The Prichard Committee has been working with pilot school districts on the Literacy Design Collaborative (LDC), which focuses on organizing class work around reading and writing in all subject areas; and the Mathematics Design Collaborative (MDC), which uses an “assessment for learning” approach that provides teachers with better insight into student-learning needs and allows them to quickly adjust their teaching strategies and emphasis.
Literacy program walks teachers through steps for good instruction
Jason Coguer, principal and LDC project leader at Rockcastle County Middle School, said integrating literacy into core subjects rather than being taught exclusively in English or language arts classes is “real writing.”
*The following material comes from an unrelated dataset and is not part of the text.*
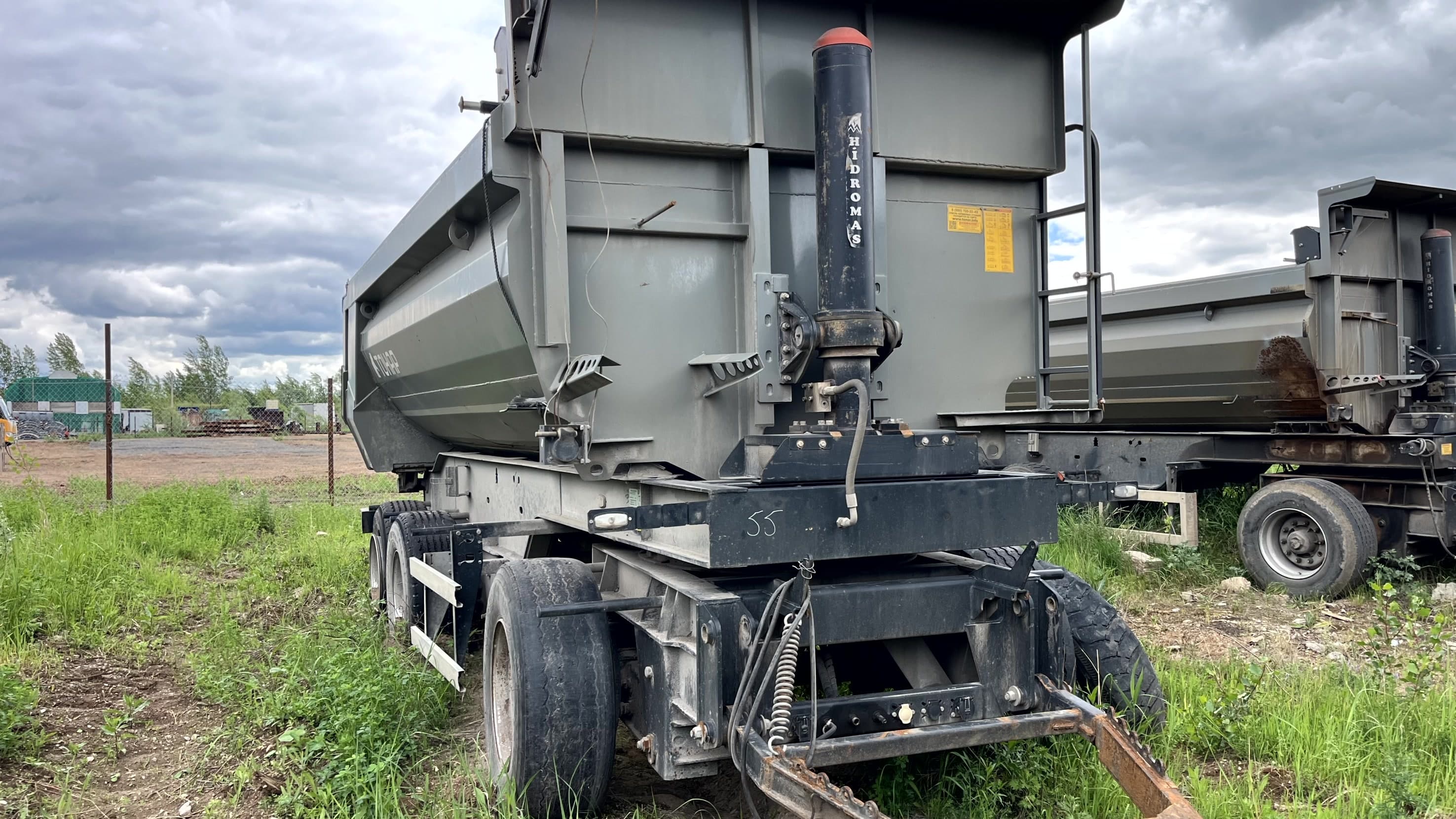 Тонар 8579 Прицеп самосвальный - 2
“Students need to have effective communication skills no matter the content subject,” he said. “It is important twofold. First, they have to effectively communicate to the teacher that they have mastered the content, and second, they will need adequate communication skills as they work through college and ultimately in their “chosen career path.”
Tracy Devney, curriculum resource administrator/assistant principal at East Jessamine High School (Jessamine County) and building and team leader for LDC, said literacy skills should not be taught in isolation if students are to transfer those skills into other areas.
“I also believe that if students can express/communicate their learning then you know they have mastered the content,” she said.
The LDC approach provides templates for student tasks: teachers fill in the template with an assignment to read and write about a key issue in science, history, literature or another subject. The LDC also provides a model for roughly two weeks of teaching students that task, building reading and writing skills as they study important class content. As teachers develop their own tasks and teaching plans within the LDC structure, they will be able to share the resulting teaching “modules” with educators across the country who are working on the same subject area.
Susan Weston, Kentucky education consultant for the Prichard Committee, said 6th- through 12th-grade teachers in Boyle, Daviess, Fayette, Kenton, Jessamine and Rockcastle counties are developing the approach along with researchers and educators from states across the country thanks to a $300,471 grant from the Gates Foundation in September.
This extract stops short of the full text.